# Blind Comparison - Mahler Symphony #4



## Becca (Feb 5, 2015)

I posted this in the orchestral music subforum but am reposting it here for those who wouldn't otherwise be aware of it...

Given the success of Merl's Beethoven and Brahms blind comparisons, I thought that it might be interesting to try something a bit longer and more complicated. So for those of you who like Mahler and would like to do some deep listening, I offer 5 different, unidentified versions for your edification and enlightenment. All of them are in stereo and there are no obscure orchestras or conductors amongst them - beyond that I make no promises 

As with Merl's threads, if you recognize a performance, please do not spoil it for others, just PM me. I will identify all of them in the fullness of time.

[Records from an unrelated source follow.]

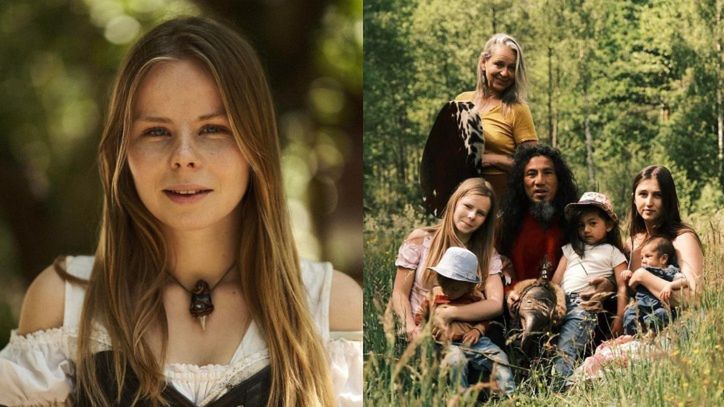 Tiktokerka od poliamerycznego związku odpowiada na HEJT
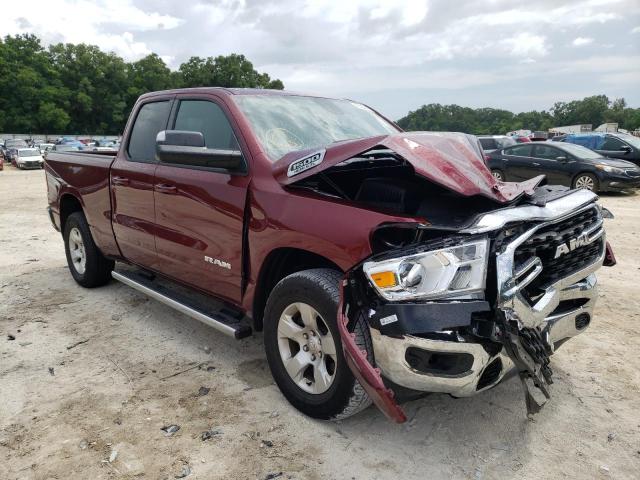 RAM 1500 BIG H 2022 with VIN 1C6SRFBTXNN252901 - Photo from auction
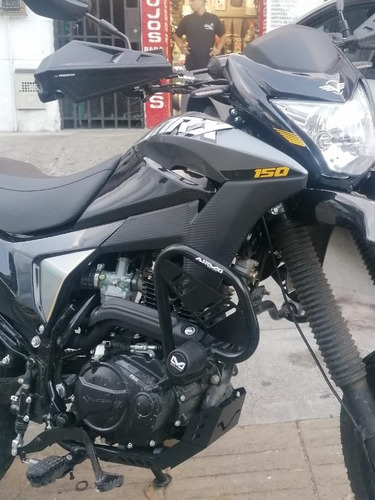 Pechera, Protector De Motor, Cubrecarter Victory Mrx 150
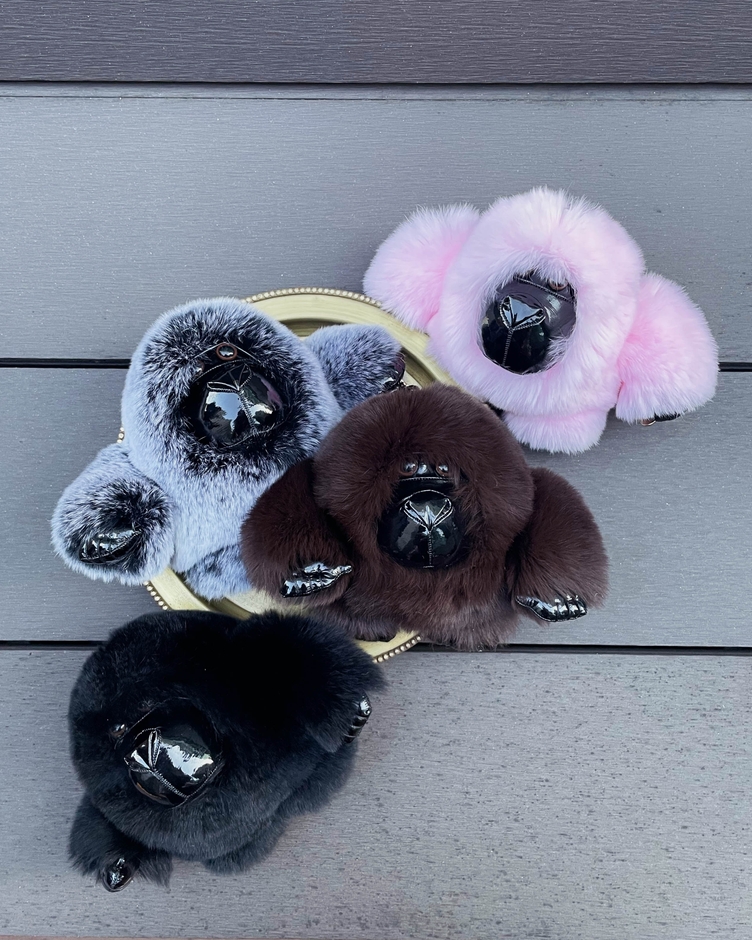 レッキス ゴリラチャーム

A - https://my.pcloud.com/publink/show?code=XZHxQM7ZovxNnllp2J5jXevsHKdb7mJtvmey
B - https://my.pcloud.com/publink/show?code=XZaPQM7ZjxOKiDnxnHF5bzjeDvTMNkJIzoKV
C - https://my.pcloud.com/publink/show?code=XZlwQM7ZkvEKgDChsP06xB68c0vhkz9wMlB7
D - https://my.pcloud.com/publink/show?code=XZ8xQM7ZKju7EG2IBGyvtsLWJjRheSij9x5V
E - https://my.pcloud.com/publink/show?code=XZ1KQM7ZF1ndrdAATWyHLF5QkDgKaz2yhF9V


----------